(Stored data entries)
=====
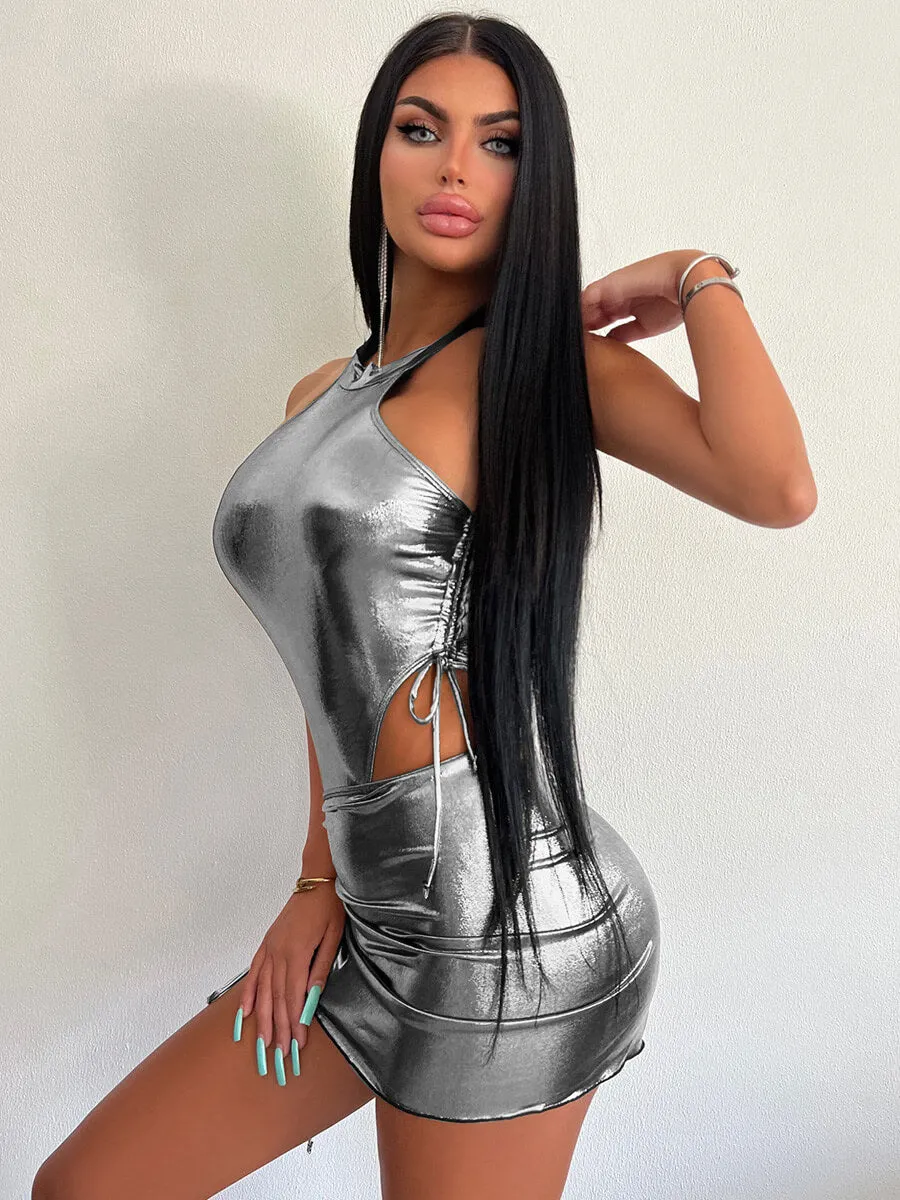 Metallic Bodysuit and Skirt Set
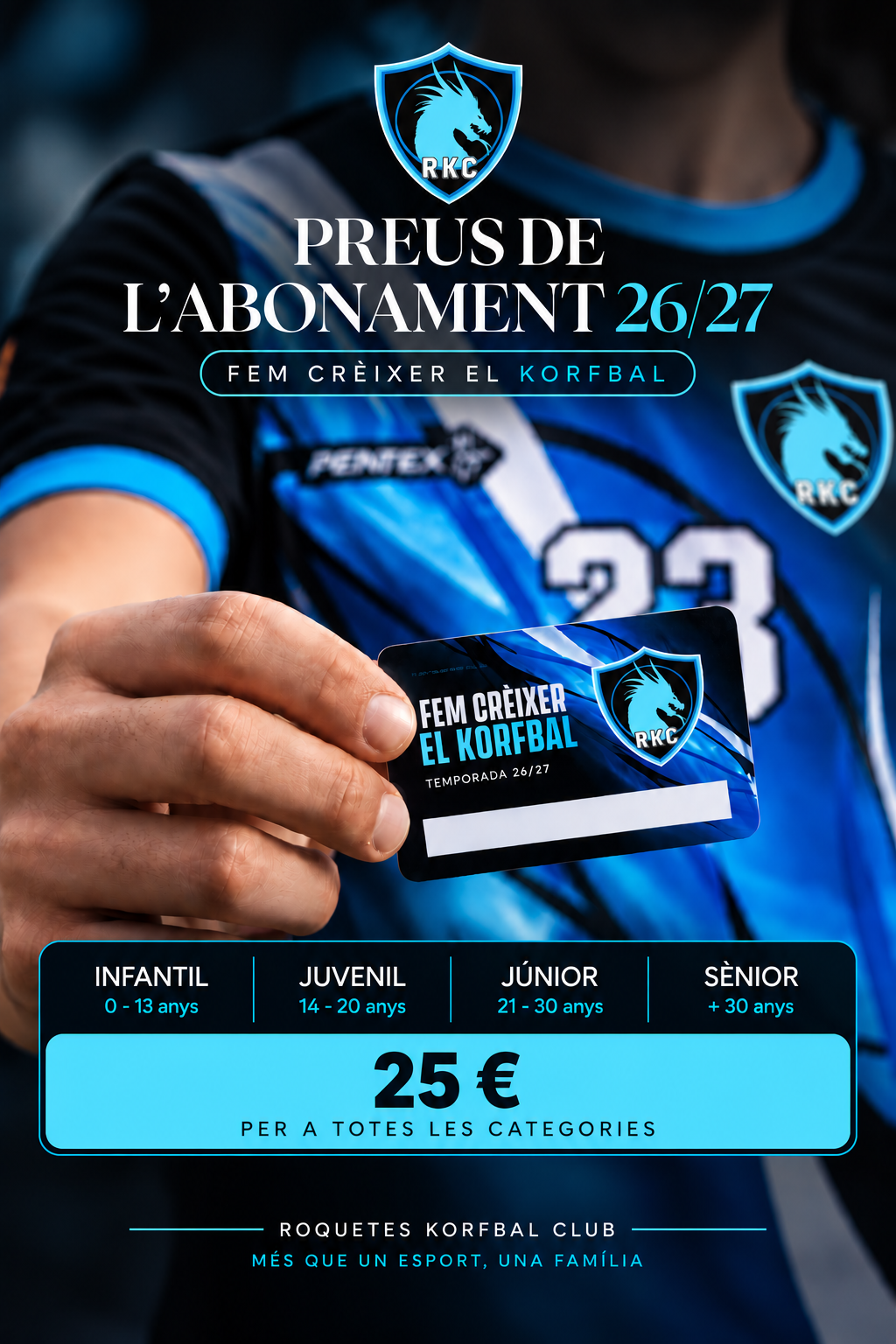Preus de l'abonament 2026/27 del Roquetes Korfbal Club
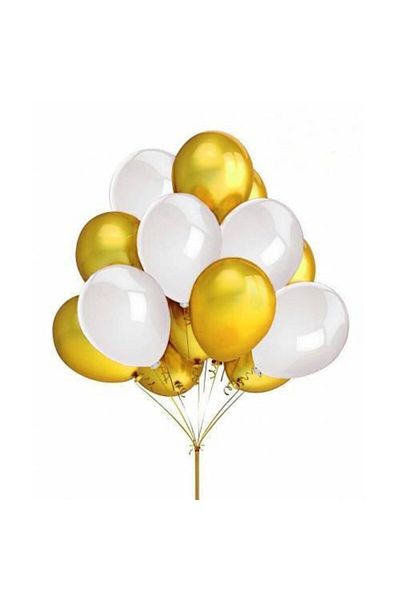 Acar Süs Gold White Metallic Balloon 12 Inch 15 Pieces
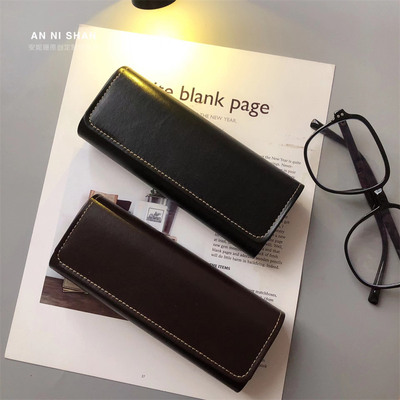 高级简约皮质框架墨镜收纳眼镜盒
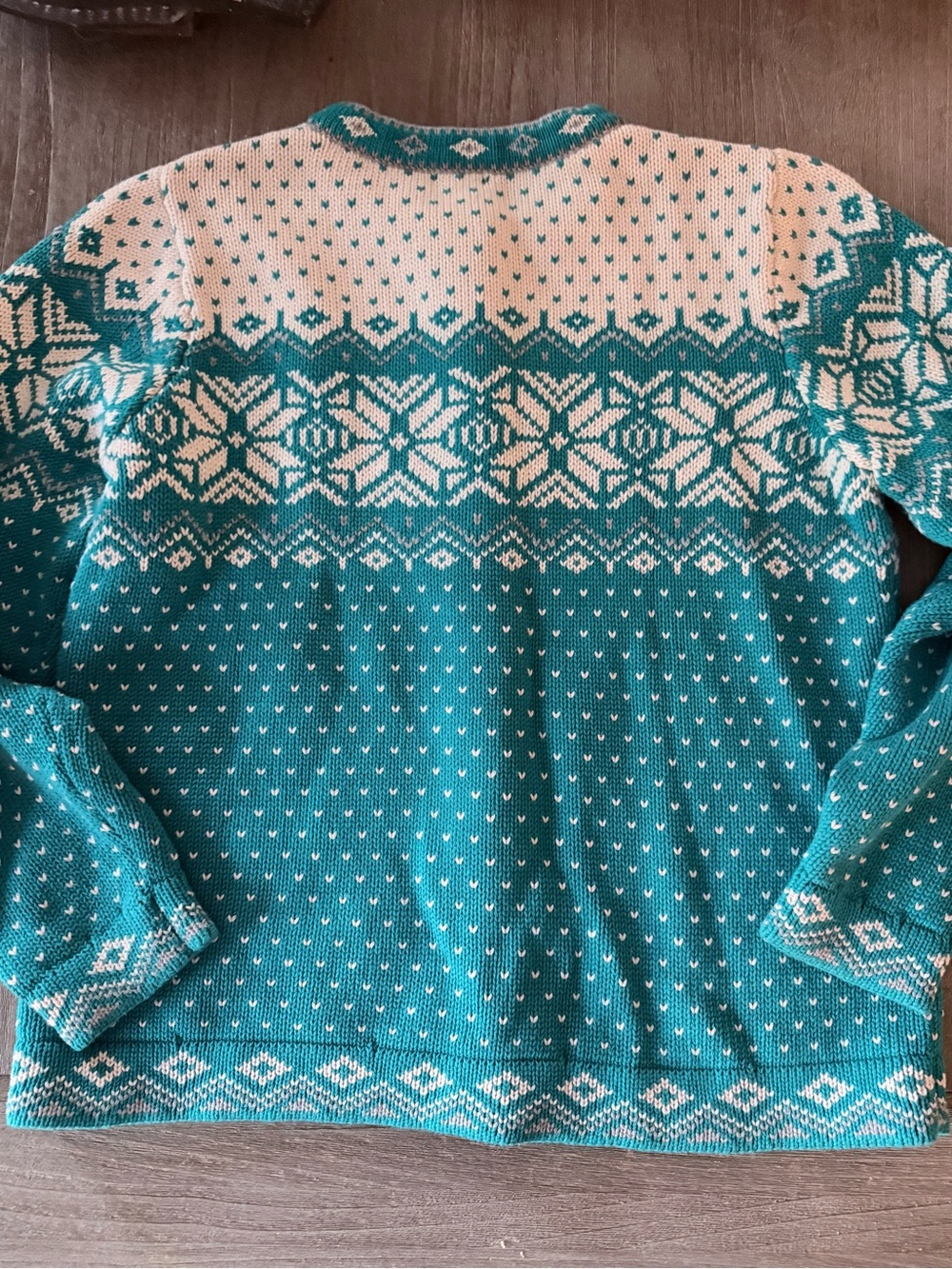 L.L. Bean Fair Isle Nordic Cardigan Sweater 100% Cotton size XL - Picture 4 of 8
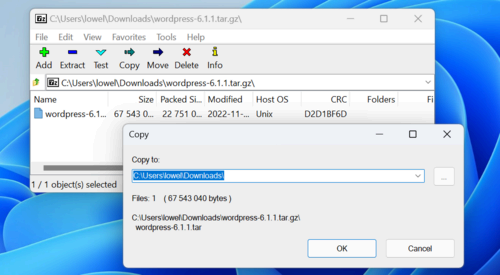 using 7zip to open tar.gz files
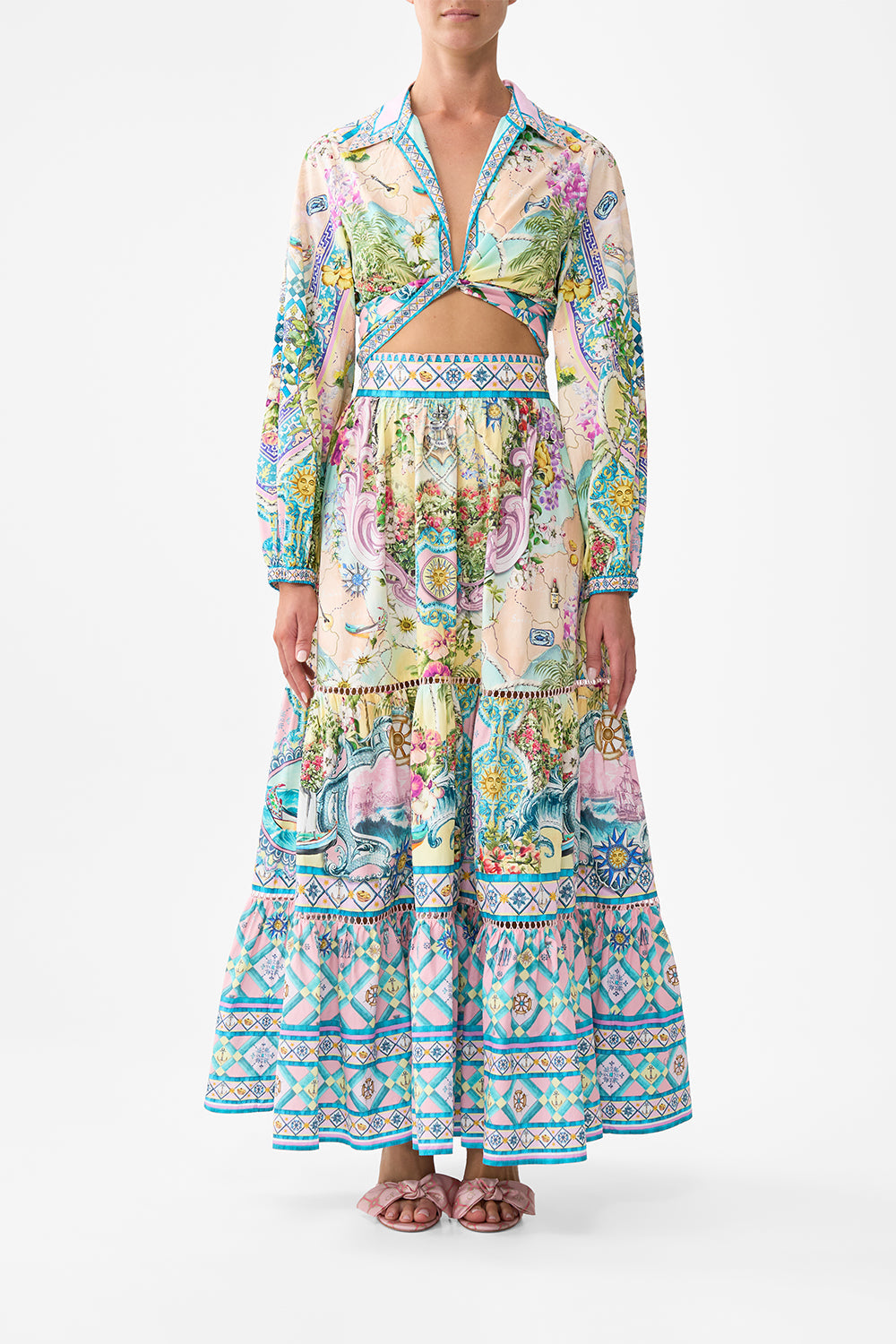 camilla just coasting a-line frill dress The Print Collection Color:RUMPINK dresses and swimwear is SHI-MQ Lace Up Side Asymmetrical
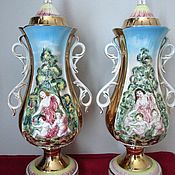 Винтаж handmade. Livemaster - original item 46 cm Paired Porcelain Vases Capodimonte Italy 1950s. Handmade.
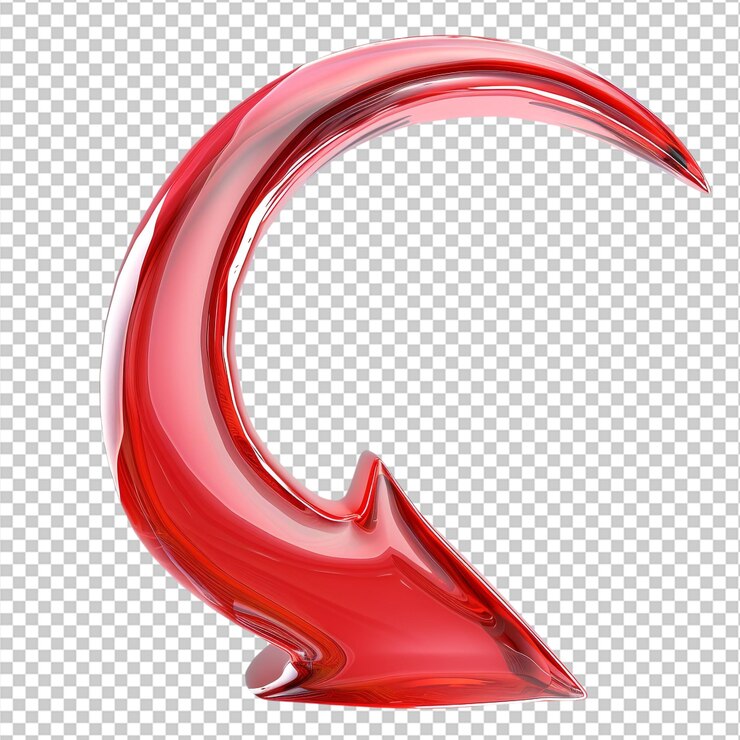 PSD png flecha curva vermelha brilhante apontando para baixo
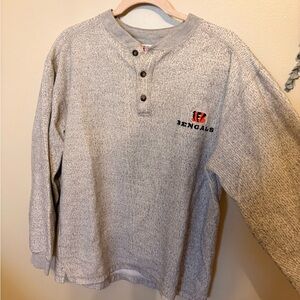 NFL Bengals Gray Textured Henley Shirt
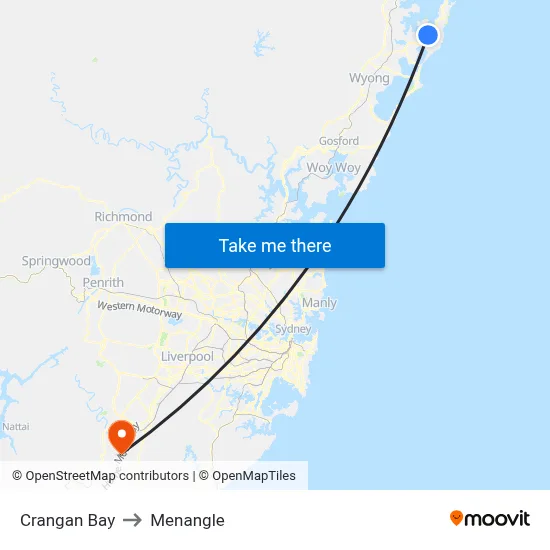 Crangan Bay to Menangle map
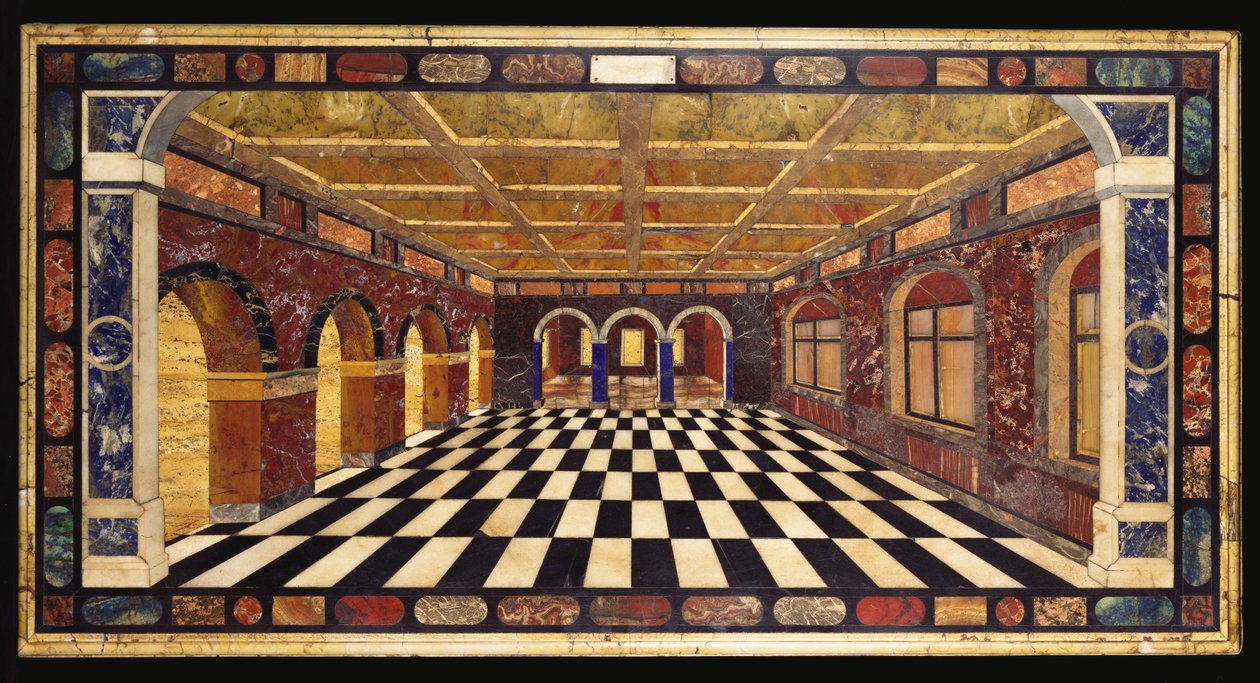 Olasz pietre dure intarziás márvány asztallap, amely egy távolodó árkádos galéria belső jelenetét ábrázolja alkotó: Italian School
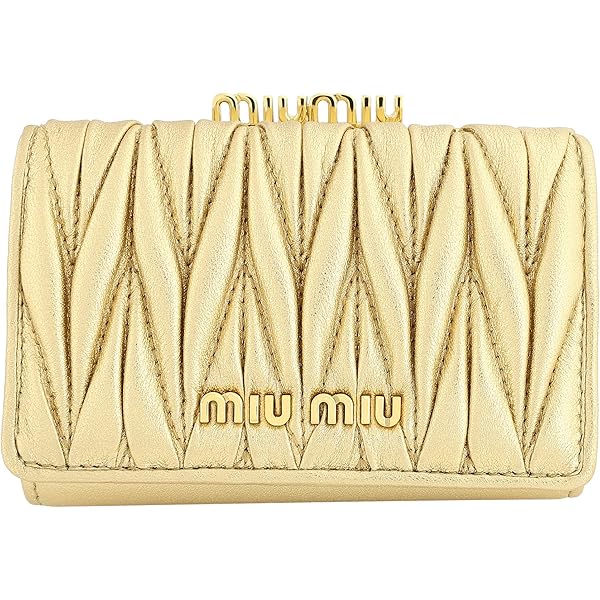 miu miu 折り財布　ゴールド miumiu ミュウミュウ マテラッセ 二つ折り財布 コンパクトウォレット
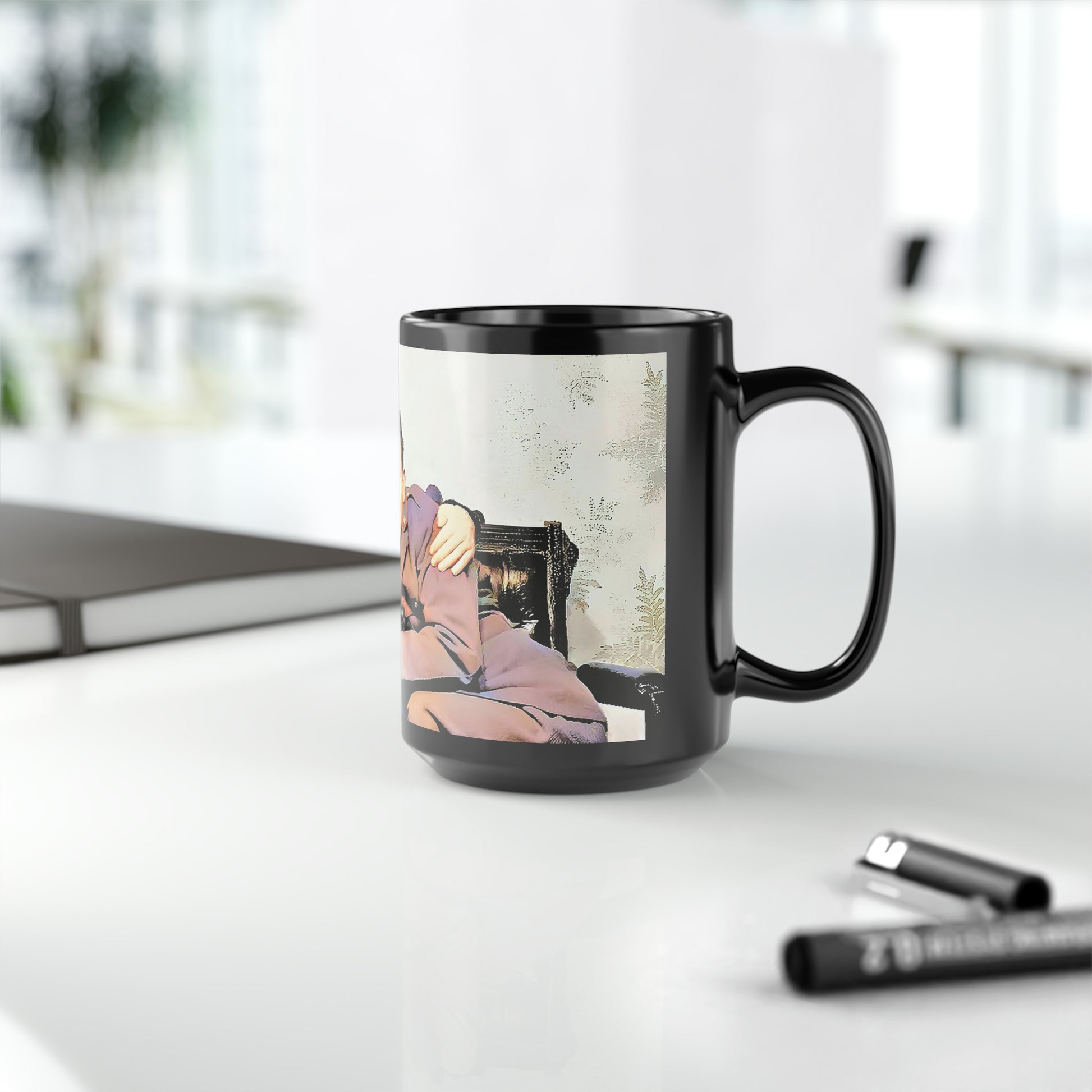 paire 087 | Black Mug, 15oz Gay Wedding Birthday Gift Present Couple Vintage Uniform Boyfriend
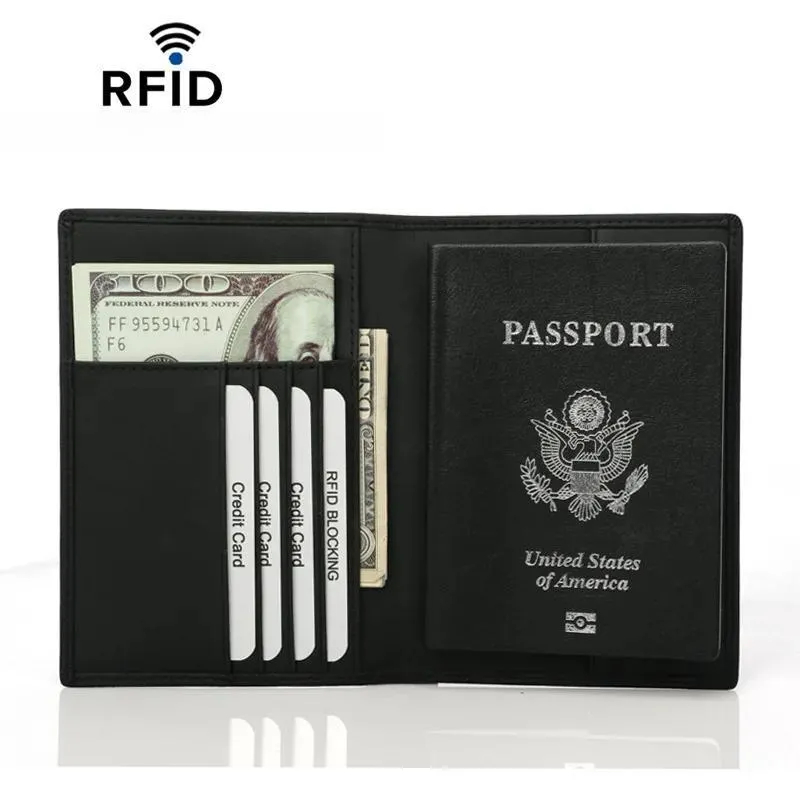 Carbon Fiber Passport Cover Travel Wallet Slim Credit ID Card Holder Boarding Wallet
=====
● Your task
Begin at the line in the entries above that has "Винтаж handmade. Livemaster", stop after the line that has "paire 087 |", and output exactly those lines without pictures.

● Result of this task
 Винтаж handmade. Livemaster - original item 46 cm Paired Porcelain Vases Capodimonte Italy 1950s. Handmade.
 PSD png flecha curva vermelha brilhante apontando para baixo
 NFL Bengals Gray Textured Henley Shirt
 Crangan Bay to Menangle map
 Olasz pietre dure intarziás márvány asztallap, amely egy távolodó árkádos galéria belső jelenetét ábrázolja alkotó: Italian School
 miu miu 折り財布　ゴールド miumiu ミュウミュウ マテラッセ 二つ折り財布 コンパクトウォレット
 paire 087 | Black Mug, 15oz Gay Wedding Birthday Gift Present Couple Vintage Uniform Boyfriend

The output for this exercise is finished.